To do:
Strip the pictures, then copy the remaining data exactly as it stands.
··· Data shown ···
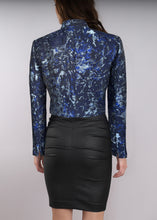 Spencer Blazer  in Jaquard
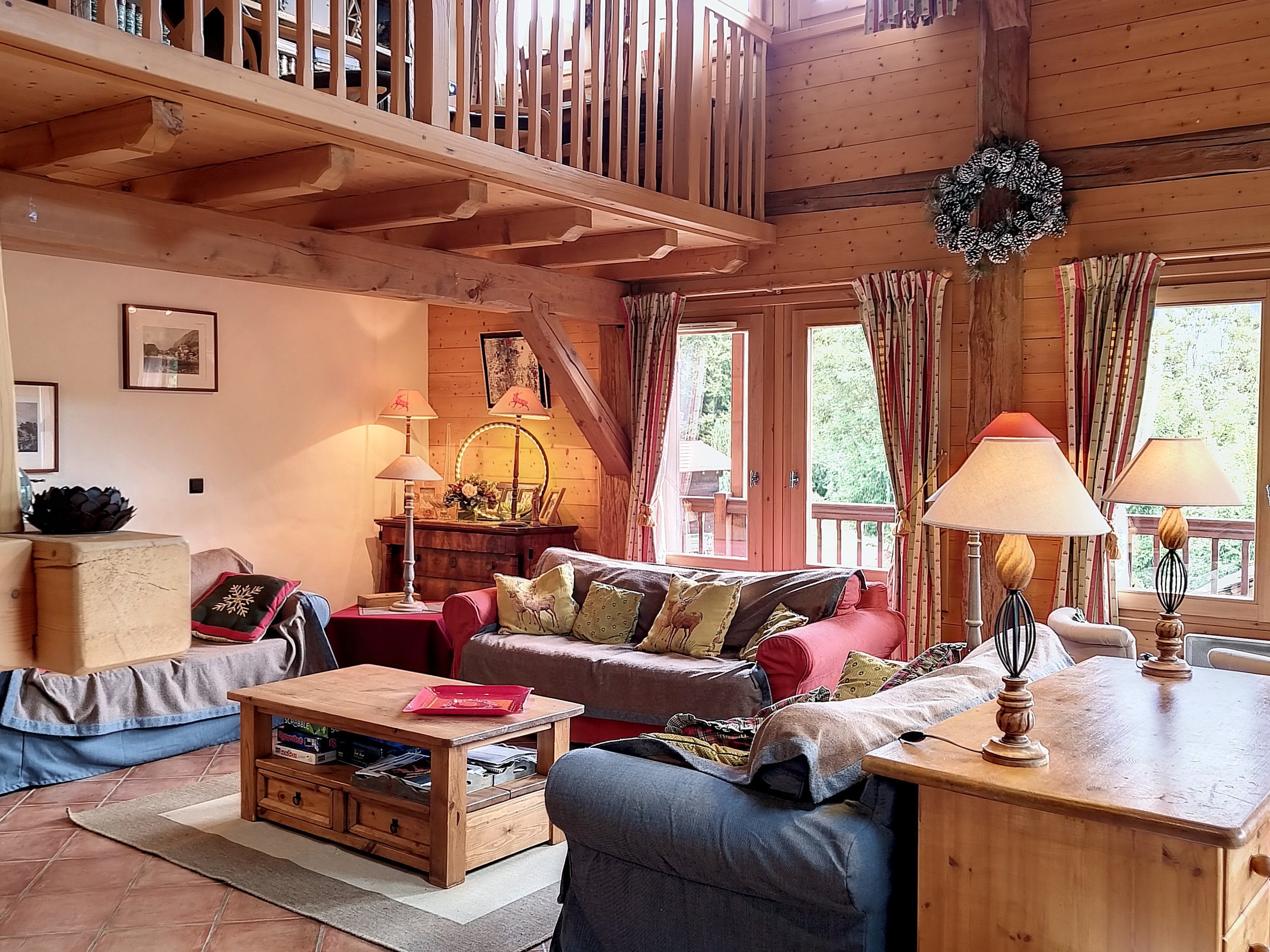 Chalet 9 pièces 14 personnes avec balcon - Chalet 9 pièces 14 personnes avec balcon - Combloux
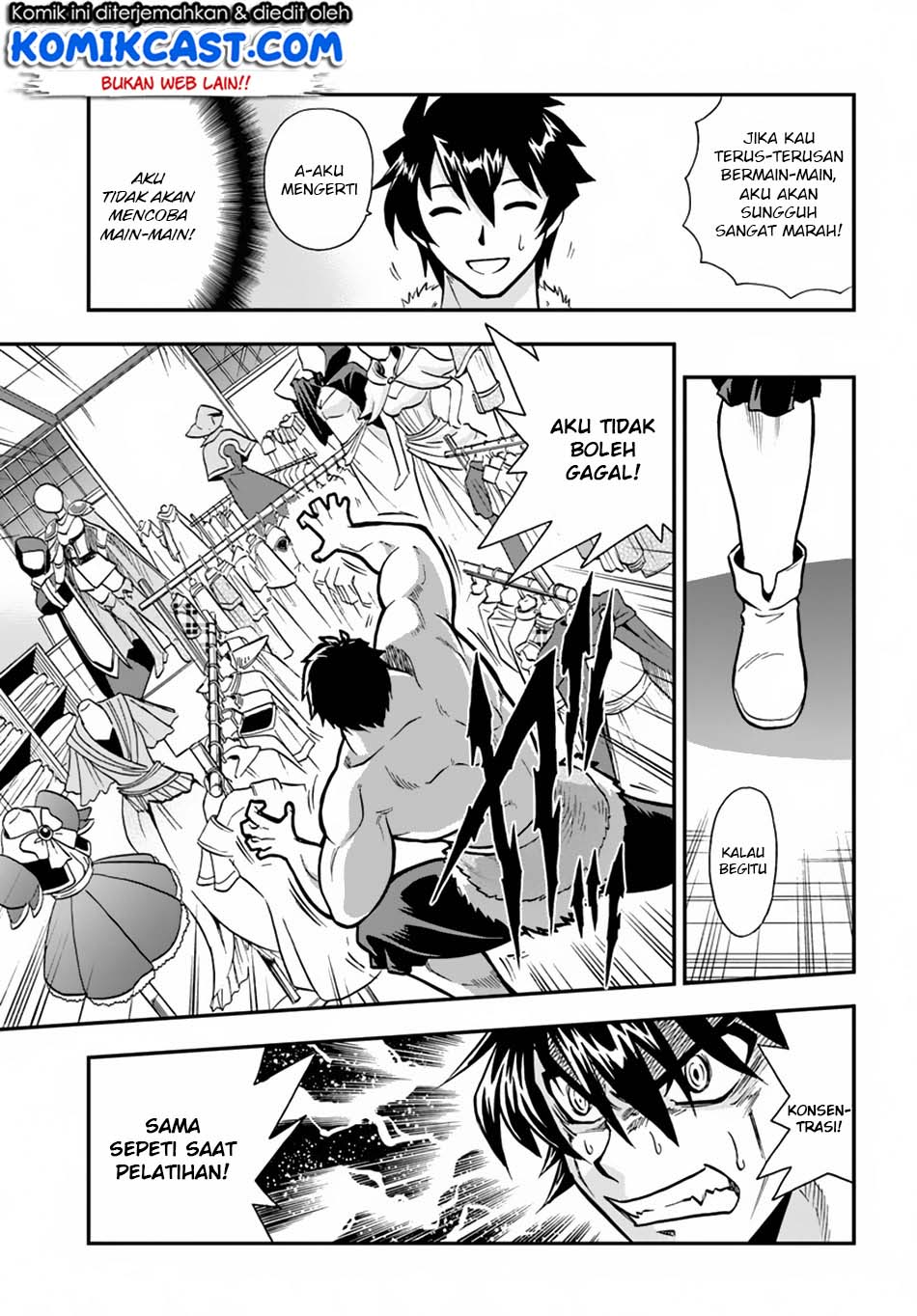 Mahou? Sonna Koto yori Kinniku da! Chapter 5 - halaman 15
···
Response:
 Spencer Blazer  in Jaquard
 Chalet 9 pièces 14 personnes avec balcon - Chalet 9 pièces 14 personnes avec balcon - Combloux
 Mahou? Sonna Koto yori Kinniku da! Chapter 5 - halaman 15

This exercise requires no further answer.